Но Никифор не хотел говорить об отце, опустил глаза.
— Я сам у своего отца вроде батрак, земля пока еще не моя — отцова. А позвольте узнать, дядько Матвей, откуда вы теперь?
— Был в лесе, а стал здеся! — весело отвечал Матвей. — Едет дядя издалека, бороду гладит, а денег нет!
— Отчего ж это вы полный год не шли домой, что с вами было?
— Со мной было все, что с человеком может быть. — Матвей вздохнул. — Хватило бы на сто.
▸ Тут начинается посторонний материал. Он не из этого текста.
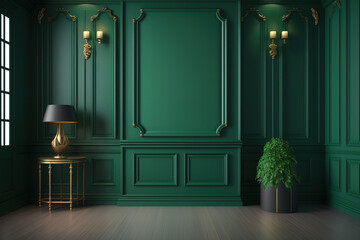 Green classic interior with blank wall, panel, and moldings. sketch. Generative AI - obrazy, fototapety, plakaty
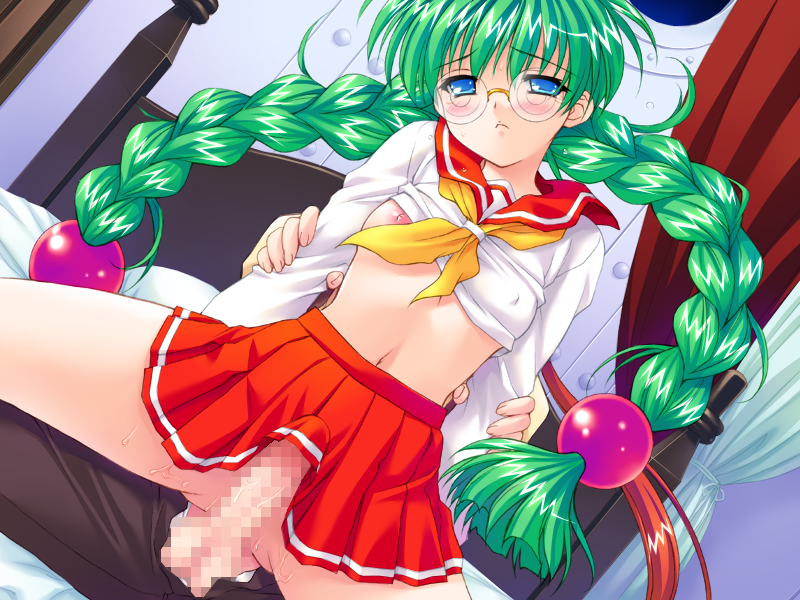 blue_eyes blush braid breasts censored closed_mouth curtains dutch_angle fang galzoo_island glasses green_hair grinding hair_bobbles hair_ornament head_tilt imminent_sex imminent_vaginal indoors kotodama kuroda_akimi looking_at_viewer midriff navel pleated_skirt school_uniform skirt small_breasts solo_focus stomach twin_braids twintails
Со второго этажа прыгал, прятался в колодце, живого хотели похоронить, пришли с носилками, думали: готов. А вот, слава богу, добрался домой… Как хорошо тут, родным веет… Горка, сынок мой, поди подрос?
— Это как вам сказать. Для меня это незаметно, потому что постепенно, а для вас, конечно, подрос, — рассудительно ответил Никифор. — А в каких местах воевали с немцем, дядько Матвей? Как жили? Что видели?
Матвей махнул рукой:
— Закинули наш полк на позицию, на высокие горы, выше облаков, — хочешь, золотой месяц своей рукой доставай да меняй на мелкую монету. С песнями шли всё вверх и вверх. «Соловей, соловей, пташечка…» Высоко забрались, наверно, и бог слышал, как пел наш полк… Справили окопы по хребту, как суслики зарылись в гору. Днем колючей проволокой вязали козлы, ночью выставляли их перед окопами. Вот так и жили. Леса да горы, немцы и стрельба…
— А вы что-нибудь интересное припомните, дядько Матвей!
— Ну вот. Бывало, утречком только солнце взойдет, глянешь, а в колючей проволоке косули бьются, запутались в ней, не могут освободиться, барахтаются целый день. Стемнеет — тащим их на кухню… А вот как-то на заре, красненько так, хорошо кругом, из низины парок вьется, глянул я: застряла в колючей косуля-мать. Висит на проволоках, шерстка кровью измазана. Сама вытягивается, трепещет, а возле на тонких ножках шатается косуленок. Хочет вымя достать, а вымя колючей проволокой от него отгорожено, черный носик до крови исколол. Косуля свой бок пораненный лизнет, косуленка лизнет… У меня сердце дрогнуло. Вот тебе интересное…
Никифор забывал погонять, слушал, раскрыв рот, и все не давал покоя.
— А вы расскажите случай какой-нибудь, дядько Матвей.
— Лучше ты расскажи, как в Строгановке у нас — какой комитет? Как тут крутилось, пока меня не было, три года? Расскажи, парень ты с головой… Как тут без меня?